I am recently learning from Loring W. Tu's An Introduction to Manifolds the concept graded algebra, which is used for introducing exterior algebra. I don't understand the following definition:
An algebra $A$ over a field $K$ is said to be graded if it can be written as a direct sum $A=\bigoplus_{k=0}^{\infty}A^k$ of vector spaces over $K$ such that the multiplication map sends $A^k\times A^l$ to $A^{k+l}$.
Here are the questions:
- What does $k$ in $A^k$ mean? Is it a superscript or the power of $A$? (If it is the power, what does $A^0$ mean?)
- Since I don't know much but some very basic knowledge in abstract algebra, I am trying to understand the concept with some simple examples. (I don't quite understand the wiki article of graded algebra). Is there any example as simple as the linear space ${\mathbb R}^n$ for the graded algebra? And what does it look like concretely?
It's a superscript.
The standard example is the polynomial ring $K[x_1, ... x_n]$, which is graded by total degree. That is, you can take $A^k$ to be the subspace of homogeneous polynomials of degree exactly $k$. In fact this is the free graded $K$-algebra on $n$ elements of degree $1$.

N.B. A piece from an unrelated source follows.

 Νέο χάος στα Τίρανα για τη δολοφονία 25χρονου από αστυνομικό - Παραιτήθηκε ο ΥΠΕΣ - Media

People who talk about graded algebras often don't bother to point out that specifying a grading is essentially the same thing as specifying a nice representation of the multiplicative group $K^{\times}$ on the algebra. An element $a \in K^{\times}$ acts on elements of degree $k$ by $x \mapsto a^k x$. The first axiom of a graded algebra says that the algebra splits up into a direct sum of irreducible representations, and the second axiom says that the action of $K^{\times}$ respects multiplication.